In taking on this challenge, Sinopec is betting that the country’s future appetite for natural gas will strengthen. Consumption grew 3.3.% last year, down from recent double-digit gains.

“The space for this market is still rather huge,” said Hu Degao, general manager of Sinopec’s Fuling unit, run partly from makeshift offices resembling shipping containers.

Gas production will top 5 billion cubic meters this year, up from 3 billion in 2015. By 2017, Sinopec aims to raise Fuling production capacity to 7 billion.

The company’s shale push is helped along by government subsidies and political support—meaning there is less environmental debate around shale-gas production than in the U.S.

Some industry experts see Sinopec’s gambit as a bid to balance out faltering production from aging oil fields. Sinopec crude output plunged 11% in the first half versus a year earlier. Meanwhile weak demand from China helped Asian spot prices for liquefied natural gas tumble 70% from 2014 highs, according to S&P Global Platts.

“By growing gas production they are effectively trying to mitigate what’s happening on the oil side of the business,” said Neil Beveridge, an analyst at Bernstein Research in Hong Kong. Developing shale “looks like more of a volume strategy than a value strategy,” he added.

The company once chiefly served as an oil refiner, but has shifted more to oil and gas production to improve profit. Sinopec touts natural gas as crucial to its future as its aging oil fields become more expensive to pump.

While Sinopec says gas demand has been slower than the company once forecast, executives expect that to change as the central government pushes China toward cleaner energy sources.

Whether Sinopec can hit its production goal is another question. The company says gas production rose 10% in the first half from a year earlier. It will need significantly higher output the rest of the year to hit a growth target of about 18%.

Hu Degao, general manager of Sinopec’s unit in Fuling, says he sees a big future for shale-gas development in China. PHOTO: BRIAN SPEGELE/THE WALL STREET JOURNAL

Sinopec acknowledges costs and other challenges in Fuling, and says it is working to overcome them.
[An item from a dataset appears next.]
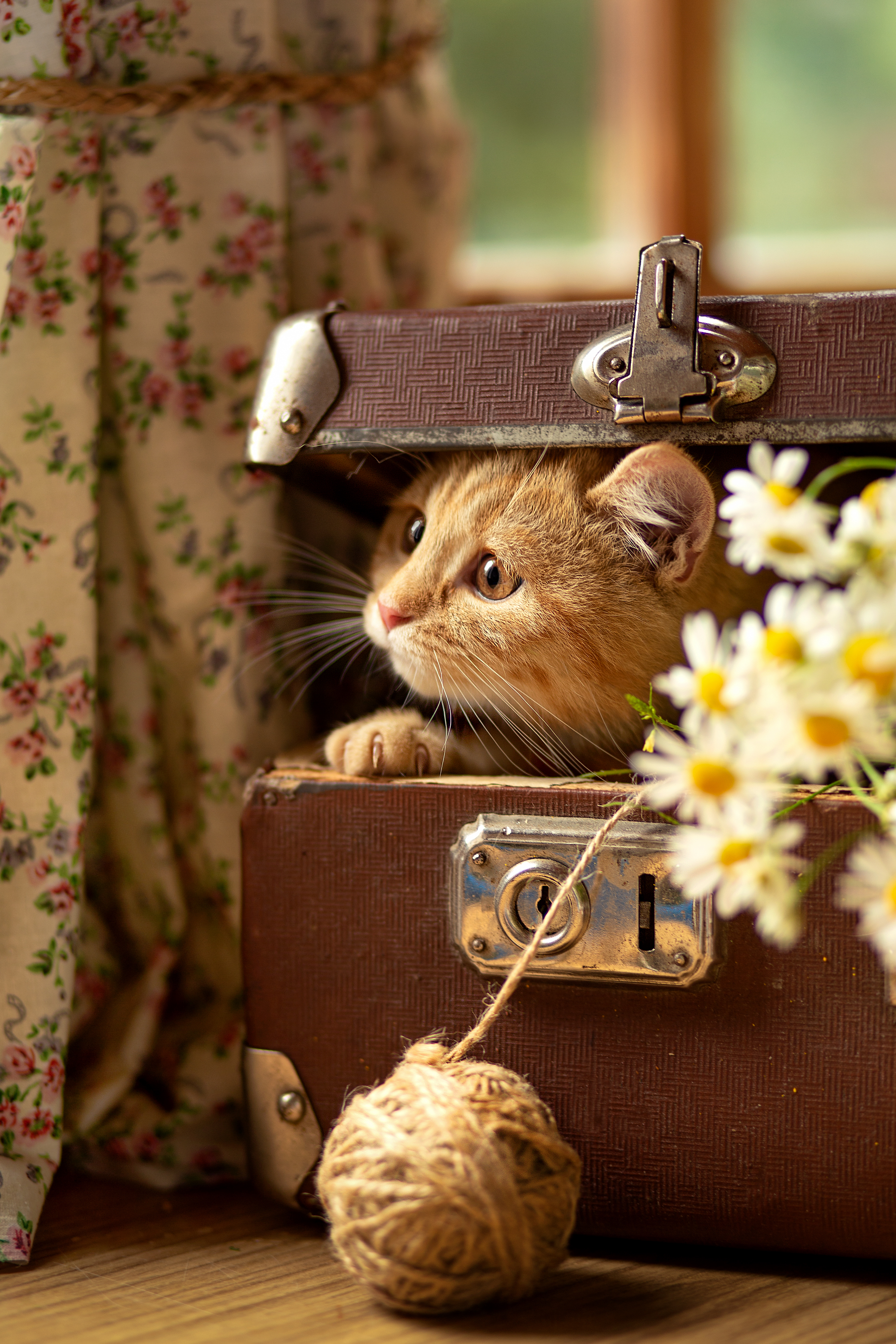 чемодан, мой  котенок,беларусь,рыжее счастье, лето,в дорогу,ромашки, ирина горюкина,домашние животные, ГОРЮКИНА ИРИНА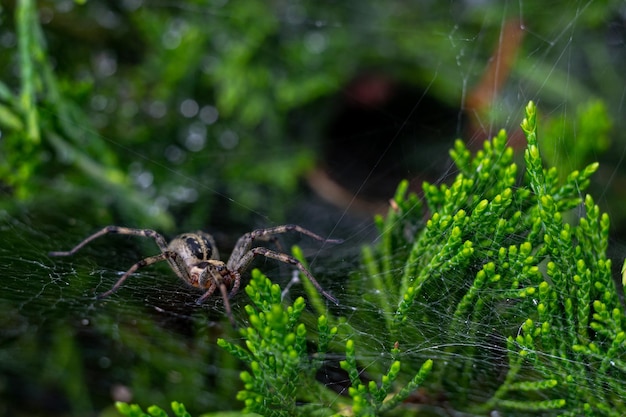 Araignée entonnoir au seuil de son vison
To help curry favor, it gave a 1% stake in its Fuling unit to a local government investment firm. That gives local officials an incentive to help Sinopec succeed.

It is tough to gauge how locals view Fuling’s shale fever. Local officials blocked a Wall Street Journal reporter from interviewing villagers near Jiaoshi. Township officials said independent interviews weren’t allowed.

Sinopec’s success partly depends on how well Mr. Hu, the Fuling subsidiary’s general manager, does his job.

Over the past few years, Mr. Hu says, Sinopec made progress in replicating the U.S. boom. The company is learning much about the local geology, which can be more complicated than in the U.S. Equipment that was once imported is now made more cheaply by domestic suppliers, Sinopec says.

Mr. Hu says the cost to drill one well has fallen from 90 million yuan ($13.5 million) a couple of years ago to about 70 million yuan. He is also looking to cut costs further.

A 30-year oil-patch veteran, Mr. Hu relishes hourlong evening walks in the countryside near the Jiaoshi base after work. He said shale is critical to making energy in China cleaner.

“The environment here needs the development of natural gas,” he said.